As we gather at the synagogue, the hour of seven p.m. arrives. There are hellos and a few hugs and a few introductions. Some of us haven't seen each other since the start of the summer. Some of us may not know each other very well. We spend a while getting organized: do we have the right number of scripts? Are they all hole-punched and filed in three-ring binders? Does everyone have a pencil? And then we set up our chairs in the sanctuary and, with almost no preamble, we begin.

We're rehearsing for Saturday night's Selichot play, "The Gates Are Closing" by poet Merle Feld. Ten congregants (well: nine congregants plus me) will be playing the ten roles. The play takes place in a synagogue over the course of Yom Kippur. There is a rabbi in the play, though I'm not playing that role; I'm playing the fifty-something middle-aged hazzan (cantor.) There is some occasional laughter as we accustom ourselves to embodying people who we are not.

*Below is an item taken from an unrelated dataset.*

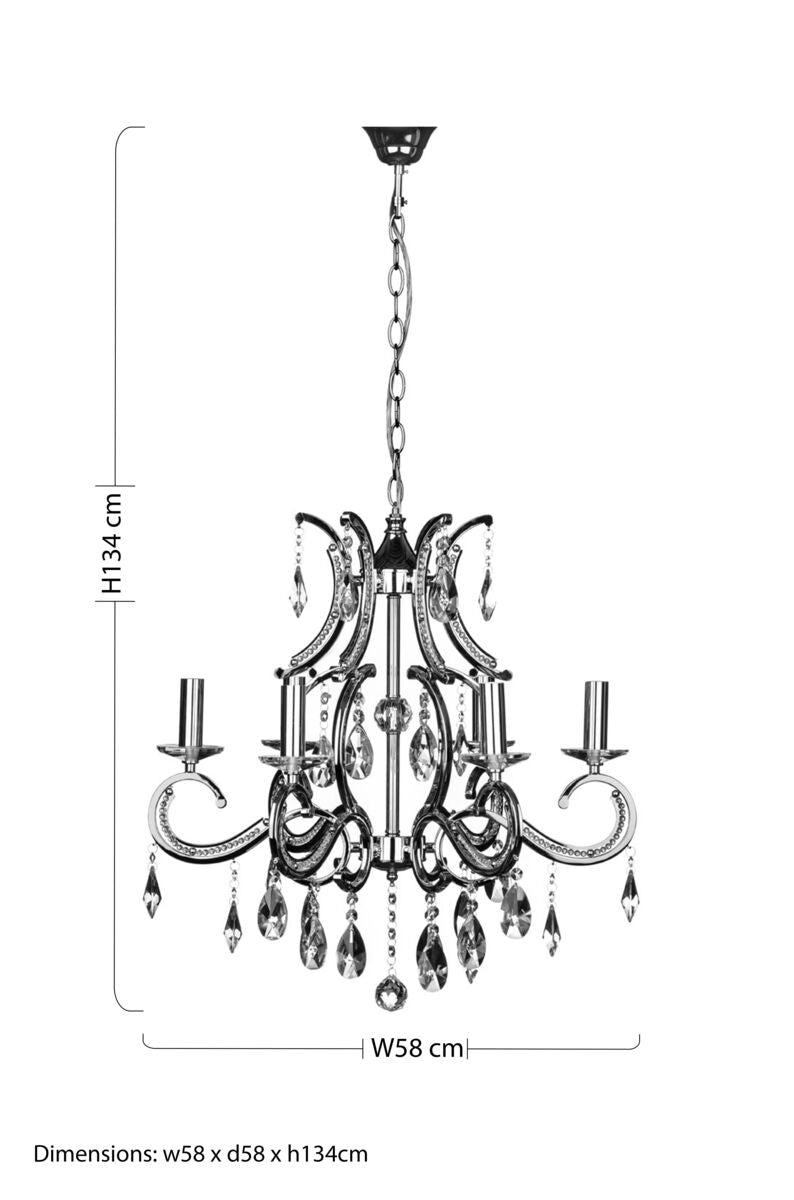 Cassandra 6 Arm Crystal Chandelier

There are parts of this play which give me shivers, even on our first read-through. There are other parts which had seemed a bit overblown when I read them on the page, but when I hear them given voice -- especially in a synagogue sanctuary, the very kind of "stage" where the play is set -- they reach me in a different way.

I wonder what this experience is like for the other cast members. The play interweaves the personal stories of these ten people with fragments of the traditional liturgy for Yom Kippur. There are bits of the vidui (confessional prayer) and bits of Avinu Malkeinu ("Our Father, Our King.") Just singing the short snatches of prayer required for the play is opening an emotional floodgate in me.

Both of the day's traditional Torah readings are woven in to the script -- though our shul follows Reform practice; we don't read either of those Torah passages on Yom Kippur, preferring alternative readings instead. By the same token, the script features interplay between the characters' stories and the Martyrology, and I don't think we've touched the Martyrology in a decade. I wonder whether those who come to the play will notice either of those things.

Yom Kippur is sometimes called a rehearsal for the day of our death. We wear white, like our burial shrouds. We eschew food and drink, as though our bodies didn't need them. We make teshuvah, we turn toward God and take stock of our actions, as though we were on death's door. Yom Kippur teaches us that there is no time like the present to connect with our loved ones. As Rabbi Shefa Gold has written, "On Yom Kippur, Death becomes our rebbe."

But now we are rehearsing for that cosmic rehearsal. Some congregations present this play on Yom Kippur, before Ne'ilah, before the final service of the day. I'll bet that's intense. But I love that we're presenting this play at Selichot, at the beginning of our High Holiday season. Whatever magic it works in us will have time to percolate and deepen before we reach Yom Kippur, before that wondrous day unfolds, before the gates of the season begin to swing shut.